The Barents Sea, Barentsburg and Barents Region were all named after him.



Willem Barentsz was born around the year 1550 on the island Terschelling in the Seventeen Provinces.[1]

A cartographer by trade, Barentsz sailed to Spain and the Mediterranean to complete an atlas of the Mediterranean region,[2] which he co-published with Petrus Plancius.[1]

His career as an explorer was spent searching for the Northeast passage, which he reasoned must exist as clear, open water north of Siberia since the sun shone 24 hours a day, which he believed would have melted any potential ice.[3]

First voyage

On 5 June 1594 Barentsz left the island of Texel[1] aboard the small[4] ship Mercury[5], as part of a group of three ships sent out in separate directions to try and enter the Kara Sea, with the hopes of finding the Northeast passage above Siberia.
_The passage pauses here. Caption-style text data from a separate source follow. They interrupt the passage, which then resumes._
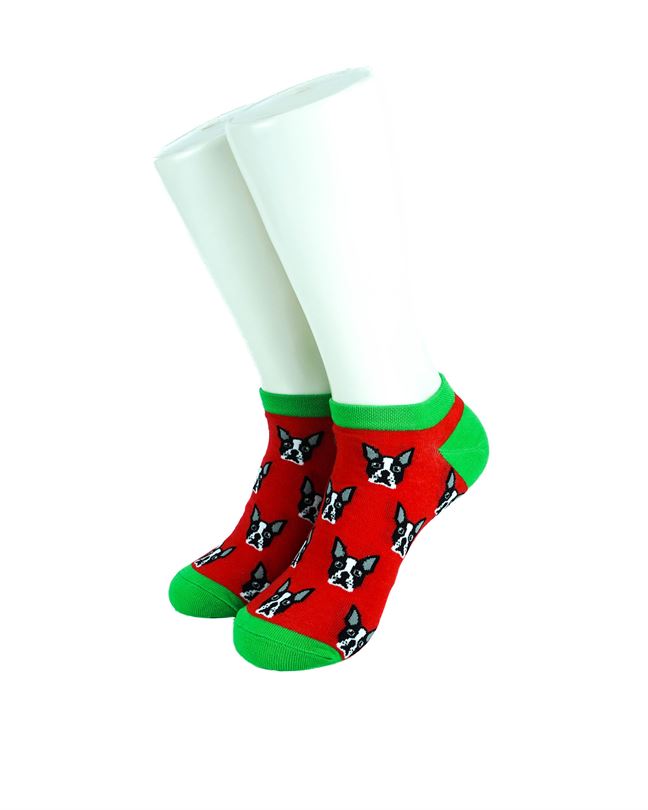 Boston Terrier Red Green
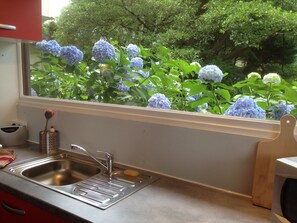 Aucun vis à vis mais des hortensias bleus, magnifiques à la saison.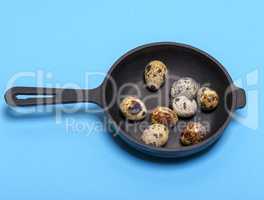 raw quail eggs in the shell lie in a black cast-iron frying pan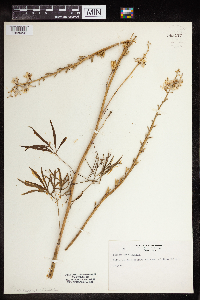 Delphinium carolinianum image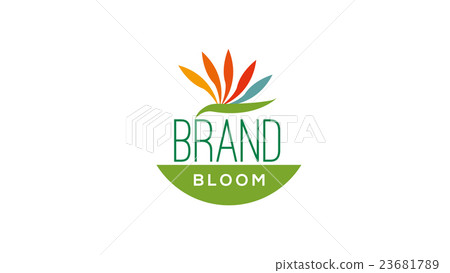 Natural elements logo template 23681789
Between 23 and 29 June, Barent's stayed at Kildin Island.

On 9 July[6], the crew encountered a polar bear for the first time. After shooting it with a musket when it tried to climb aboard the ship, the seamen decided to capture it with the hope of bringing it back to Holland. Once leashed and brought aboard the ship however, the bear rampaged and had to be killed. This occurred in Bear Creek, Williams Island.